He frowned, pressing a hand to his own chest. “I don’t—I shouldn’t. I’m dead.”
You placed your palm over his heart, feeling for the rhythm you’d thought you sensed. There—faint, slower than a living person’s should be, but definitely there. A steady thump-thump-thump against your palm.
“You do,” you breathed. “You have a heartbeat.”
He covered your hand with his, pressing it harder against his chest. “That’s not possible.”
The days that followed had a dreamlike quantity. You learned to navigate your new existence—this strange Equilibrium state where you were alive enough to work and eat and function, but dead enough to see ghosts everywhere and touch the one that mattered most. Your coworkers noticed something was different, but they couldn’t identify what. You seemed distracted, distant, but not in a concerning way. Just… elsewhere.
They weren’t wrong. You were elsewhere, existing partly in their world and partly in another, and increasingly, that other world felt more real. But the ability to touch Satoru made everything worth it.

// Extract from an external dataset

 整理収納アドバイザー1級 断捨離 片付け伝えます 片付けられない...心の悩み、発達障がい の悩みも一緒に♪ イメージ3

The first morning you woke up and reached out sleepily, forgetting for a moment that things had changed, your hand landed on something solid and warm. Satoru, who’d been hovering—lying?—beside you, made a soft sound of surprise.
“Hi,” he said, his voice rough with something like sleep, though ghosts didn’t sleep.

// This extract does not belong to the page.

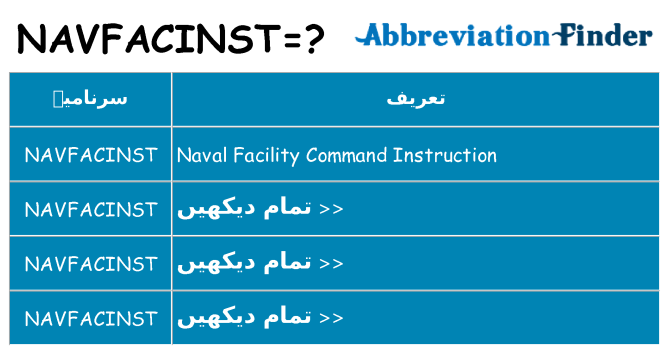 کیا navfacinst کھڑا کرتا ہے کے لئے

“Hi,” you replied, your fingers curling into the fabric of his clothing. “You’re real.”
“I’m really real,” he agreed, and pulled you closer. You’d spend the next hours just touching him, learning the landscape of his body through your fingertips—the slope of his shoulders, the hollow of his throat, the sharp line of his jaw. He let you explore, his eyes half-closed, something like bliss on his face every time you discovered something new.
“Your hair,” you’d mumbled, running your fingers through the white strands. “It’s soft.”
“Is it? I don’t remember.” His eyes had opened then, bright and blue. “I don’t remember what most things feel like. It’s been so long.”
So you’d touched him more, dedicated yourself to reminding him of physical sensation. The curve of his ear, which made him shiver; the ticklish spot on his ribs that made him laugh with actual, surprised laughter; the calluses on his palms that spoke of a life spent training, fighting, being something more than a ghost.
Now that Satoru could touch you, making coffee in the morning meant he could wrap his arms around you from behind, his chin resting on your shoulder, his hands covering yours as you worked. You’d lean back into him, and he’d say, “You’re doing it again.”
“Doing what?”
“Counting. You keep counting my heartbeats.”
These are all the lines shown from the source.